Genomic DNA of an affected family member (II-1) was subjected to WES. DNA was prepared according to the Agilent SureSelect target enrichment kit preparation protocols/guidelines. WES was performed commercially by the College of American Pathologists (CAP) accredited molecular diagnostic lab, and the libraries were sequenced using the Illumina platform HiSeq 2000 (Umair et al., 2021a; Ullah et al., 2022). Variants identified in the present study were verified using bi-directional Sanger sequencing using standard methods (Hayat et al., 2020). The primers for Sanger sequencing were designed using the Primer3 online tool (genomic build number: GRCh38/hg38) (TBX2: Gene ID: 6909; Transcript ID: NM_005994.4) (Supplementary Material S1).

Several databases, including gnomAD, dbSNP, All of Us, and Bravo, were screened to search for the selected variants. The pathogenicity of the identified variants was analyzed using online bioinformatics tools: MutationTaster, CADD-Phred, GERP++, VarSome, BayesDel addAF, DANN, Eigen, FATHMM-MKL, and LRT.

In this study, the three-dimensional (3D) structure of TBX2^WT (T-box transcription factor 2) was obtained using I-TASSER and homology modeling with MODELLER (Ahmad et al., 2018; Khan et al., 2020). As there was no known X-ray crystallography-based 3D structure available, the protein sequence (NCBI Accession: NP_005985.3) was obtained from the National Center for Biotechnology Information (NCBI) database (https://www.ncbi.nlm.nih.gov/) and used as the input for I-TASSER. The resulting 3D structure was then used as a template for predicting the structure of TBX2^LYS177TER.

Both TBX2^WT and TBX2^LYS177TER were subsequently subjected to molecular dynamic (MD) simulations using Desmond version 2.3. The simulation conditions included setting the box boundary coordinates to 10 Å, with a volume of 1200688 Å³ for TBX2^WT and 617233 Å³ for TBX2^LYS177TER. The salt concentration was set to .1 M for both systems, and the systems were neutralized by adding 14 Cl ions to TBX2^WT and 1 Cl ion to TBX2^LYS177TER. The resulting systems contained 89176 atoms (TBX2^WT) and 5778 atoms (TBX2^LYS177TER). The simulation time was set to 100 ns, and the ensemble class was set to NPT, with a temperature of 300 K and a pressure of 1 atm. The default “relax model before simulation” protocol was used, and trajectories were generated for the duration of the simulation.
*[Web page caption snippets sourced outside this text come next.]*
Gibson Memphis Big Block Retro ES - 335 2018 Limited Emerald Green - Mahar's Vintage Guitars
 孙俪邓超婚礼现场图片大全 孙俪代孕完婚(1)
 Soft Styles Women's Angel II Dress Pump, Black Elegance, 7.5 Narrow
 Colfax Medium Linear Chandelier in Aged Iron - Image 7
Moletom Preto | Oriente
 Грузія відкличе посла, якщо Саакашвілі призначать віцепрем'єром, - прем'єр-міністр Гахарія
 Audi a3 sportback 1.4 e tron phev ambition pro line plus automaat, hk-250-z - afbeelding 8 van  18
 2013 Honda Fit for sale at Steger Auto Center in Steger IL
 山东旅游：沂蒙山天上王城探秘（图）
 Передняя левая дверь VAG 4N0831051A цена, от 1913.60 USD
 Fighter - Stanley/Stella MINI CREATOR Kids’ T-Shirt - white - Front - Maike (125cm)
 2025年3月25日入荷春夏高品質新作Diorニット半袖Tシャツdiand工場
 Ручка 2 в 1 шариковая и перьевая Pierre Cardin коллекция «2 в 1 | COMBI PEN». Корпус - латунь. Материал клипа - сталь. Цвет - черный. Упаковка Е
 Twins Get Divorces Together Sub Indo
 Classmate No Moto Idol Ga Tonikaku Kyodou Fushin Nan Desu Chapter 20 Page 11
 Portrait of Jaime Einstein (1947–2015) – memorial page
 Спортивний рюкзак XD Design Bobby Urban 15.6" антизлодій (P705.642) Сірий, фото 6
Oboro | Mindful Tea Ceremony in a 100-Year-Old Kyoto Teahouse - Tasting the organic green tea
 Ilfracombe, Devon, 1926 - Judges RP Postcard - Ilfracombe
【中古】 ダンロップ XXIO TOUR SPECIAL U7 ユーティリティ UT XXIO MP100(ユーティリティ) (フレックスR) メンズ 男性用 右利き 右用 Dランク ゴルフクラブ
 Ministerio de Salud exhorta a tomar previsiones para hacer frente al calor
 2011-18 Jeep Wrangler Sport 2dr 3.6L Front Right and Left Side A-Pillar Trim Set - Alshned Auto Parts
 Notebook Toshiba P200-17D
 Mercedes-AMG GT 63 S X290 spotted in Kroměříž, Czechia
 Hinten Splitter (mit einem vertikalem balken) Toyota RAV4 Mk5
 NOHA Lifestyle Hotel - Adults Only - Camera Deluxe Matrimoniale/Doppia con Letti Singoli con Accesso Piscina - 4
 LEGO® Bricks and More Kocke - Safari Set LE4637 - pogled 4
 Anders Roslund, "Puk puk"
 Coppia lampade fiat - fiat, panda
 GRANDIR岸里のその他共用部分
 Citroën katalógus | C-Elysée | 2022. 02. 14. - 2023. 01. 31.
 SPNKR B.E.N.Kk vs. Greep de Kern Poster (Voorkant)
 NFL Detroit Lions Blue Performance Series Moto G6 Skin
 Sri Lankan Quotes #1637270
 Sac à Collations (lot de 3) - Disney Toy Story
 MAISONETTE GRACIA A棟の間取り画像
The proband was a five-year-old female patient (deceased). The proband (II-1) had the clinical features such as chondrodysplasia, short stature, and global developmental delay (Figure 1A).

The midline structures, including the pituitary gland and suprasellar regions, were normal. The foramen magnum is unremarkable. There was no evidence of basilar invagination. The base of the skull angle measures 179°, suggestive of platybasia. The gray/white matter differentiation was preserved. There was delayed myelination for the patient’s age. No definite cortical deformity was identified. Posterior fossa structures were normal with no evidence of Chiari 1 malformation. Prominent and extra-axial CSF spaces with prominent ventricular consistency were observed at infancy. There was no hydrocephalus, hemorrhage, or space-occupying lesion. Posterior fossa structures were normal with no Chiari I change. The visualized parts of the orbit, paranasal sinuses, and labyrinthine structures were normal. There was occurrence of platybasia at the skull base, and delayed myelination for the patient’s age was observed (Figure 1B).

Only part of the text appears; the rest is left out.